Chelsea have taken a page from Arsene Wenger’s book and maybe even gone a step further by signing 11-year-old Michael Gyasi. Gyasi is a German-born striker who was at Northampton Town’s centre of excellence for a little over two years before he was noticed by Chelsea scouts and shortly after that snapped up by the Blues.
Gyasi was first noticed by the Blues when he travelled with the Northampton Under-10 squad to take on the Chelsea counterparts. His presence was immediately felt and the Chelsea recruitment staff asked for Gyasi to train with them. He did so in the summer and went on to further impress them, so much so that despite his young age, Chelsea wanted him.

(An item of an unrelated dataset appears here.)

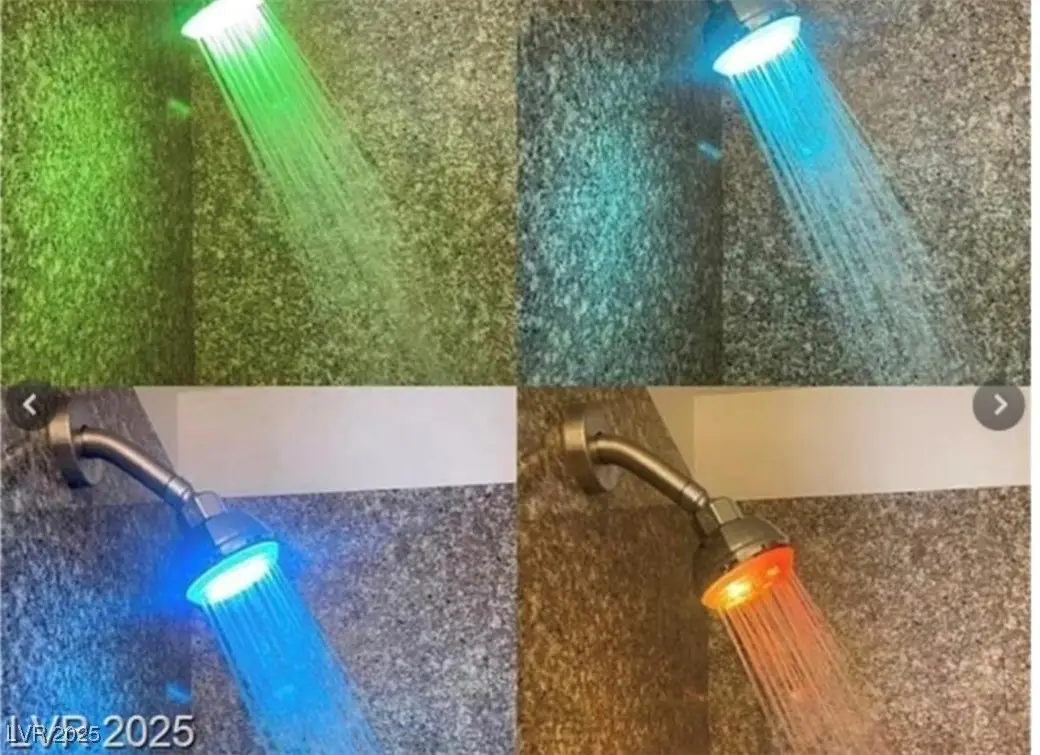 Address Withheld By Seller, Las Vegas, NV 89103 - Image #1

However, the Blues had to pay compensation to Northampton for the development in the youngster. A source close to the club revealed that an estimated fee of £10,000 had been agreed upon. The football authorities will be pleased the issue has been settled between the clubs instead of involving an arbitrary body. The terms of the deal also state that the Blues will have to make a further payment, if Gyasi goes into professional football.

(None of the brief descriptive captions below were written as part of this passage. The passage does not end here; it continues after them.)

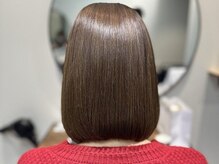 アパートメントオブソロンチッタ 船橋(The Apartment of Solon Citta)の雰囲気（髪質改善メニューで理想のつや髪へ[髪質改善/船橋/船橋駅]）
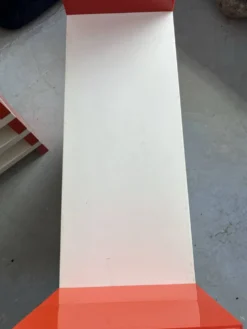 Bibliothèques modulaires 70’s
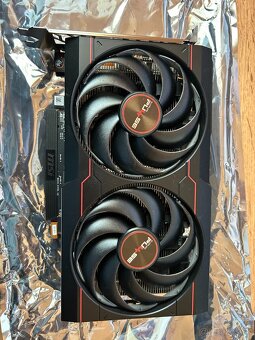 Sapphire Pulse Radeon RX 6600 8GB - 4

Trevor Gould, the head of Northampton’s centre of excellence, said, “I think this is a trend that is going to happen. When you are young, you learn most about football and Michael will now play against better teams and better players. I remember the game against Chelsea last year. I think Chelsea won something like 6-2 but I am sure that Michael got the two goals.”
Gould added, “He (Michael) moved over from Germany with his parents about four years ago and, as a player, he is very quick, skilful and strong, although he is not very big for his age. He is a great finisher. Chelsea have got somebody special. If he does well, we will be well rewarded. Chelsea have been magnificent and fair.”
Northampton are delighted with the interest champions Chelsea showed in a player from their youth academy, and are even more happy with the money they have received for the youngster. The remuneration will undoubtedly go towards developing the youth program, which may or may not produce players like Gyasi in the future.
Looking at the larger picture, one can see how competitive football is. A few years ago, the thought of signing an 11-year-old would have been laughed at, now it’s a common practice. The market for players, no matter what age has become cutthroat, if the Blues had not signed Gyasi, someone else would have. However, one thing is certain, with the start that he has gotten, there is no doubt Gyasi will be grow up to be a great football player.